Car pour les deux polémistes, «les passions sportives
sont évidemment meurtrières». La liste est longue
des violences exercées dans et autour des stades, tout comme
est accablante celle des corruptions, magouilles, salaires indécents
et dopages. Mais, disent les auteurs, les sociologues et les analystes
du foot se laissent emporter par leur propre fascination et leur désir
de rêve. La revue de presse qui émaille les deux opuscules,
parfois de manière répétitive, offre de réjouissants
exemples de ce lyrisme. Les adeptes les plus aveugles de l'«humanité
du sport» étant les ex-staliniens qui entament, notamment
dans les colonnes de L'Humanité, le Te Deum de la grande fête
populaire planétaire, oubliant que les «délégations
de mercenaires» viennent souvent de pays où règnent
les dictatures.
Même Alain Finkielkraut, «supporter bien élevé»,
qui aime le foot par fidélité filiale, y voit «l'une
des seules échappatoires à la fatalité sociologique»,
négligeant le fait que les très rares individus qui s'évadent
d'une condition misérable par le sport, s'ils ouvrent un horizon
de rêve, ne font en rien changer la société. Les
palinodies sur le caractère «black-blanc-beur» d'une
France multiraciale ont été vite oubliées, les
récentes élections l'ont montré. Le sport est-il
aujourd'hui l'opium du peuple? Nouvelle «drogue dure», il
est alors, comme la religion pour Marx, la protestation contre une détresse
réelle. Et le critiquer, c'est faire le procès de l'organisation
dont il est l'«auréole».
Edgar Morin évoque sans ironie l'immense orgasme collectif du
13 juillet 1998, suivi d'une «mélancolie post-coïtale»,
émotions qu'il reprend à son compte. Oublie-t-il que les
régimes fascisants ont toujours su faire du fétichisme
sportif une machine à décerveler, également transformable
en machine de guerre, en instrumentalisant l'«homosexualité
compulsionnelle» que manifeste l'esthétique nazie,
avec ses fantasmes de domination? Le discours sur l'architecture des
stades, sur la beauté des corps et de leurs mouvements et de
leurs stratégies, bref, sur le sport comme art, inspire aux pamphlétaires
la partie la plus intéressante et la plus complexe de leur analyse.

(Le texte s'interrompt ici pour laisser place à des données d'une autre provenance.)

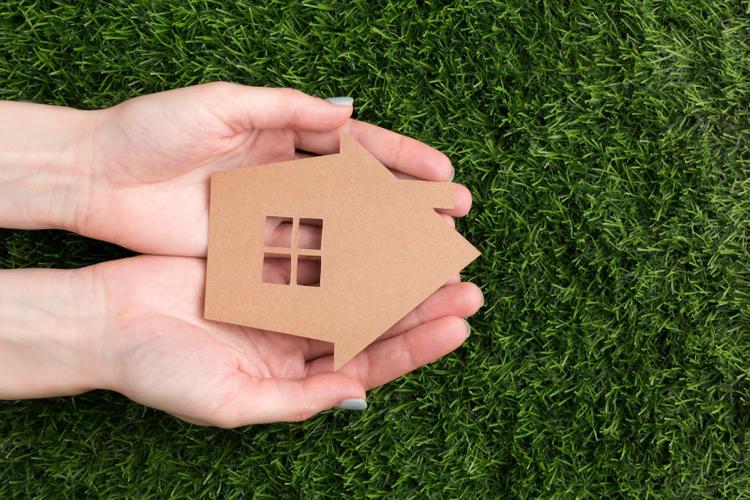 Close-up of hands gently holding a small cardboard house on a grassy surface.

Difficile de résister pourtant au plaisir esthétique et
à la jubilation qui émanent de beaucoup des images du
livre de Benoît Heimermann, Foot, les 100 photos. Entre le premier
cliché connu d'une équipe (anglaise, bien sûr, en
1855) et l'image d'un robot japonais de 2002, il y a place pour bien
des images mythiques.
Des sportifs, des sociologues et des écrivains les ont commentées
dont les Suisses Bernard Comment et Yves Laplace et Vladimir
Dimitrijevic, fondateur de l'Age d'Homme, mais pas Georges Haldas! Albert
Camus, gardien de but à Alger en 1930, se souvient de «l'envie
de vouloir pleurer les soirs de défaite». Gamin, le romancier
anglais Nick Hornby décelait déjà la haine et la
colère sur les gradins. Celles-là mêmes qui, bien
plus tard, en 1985, devaient se déchaîner sur le Heysel,
inspirant à Anthony Burgess la honte d'être Anglais.
A travers l'histoire du foot, c'est un résumé géopolitique
et sociologique du siècle qui se dessine, auréolé
de légende, mais très intéressant à regarder
sous l'éclairage des analyses de Brohm et Perelman.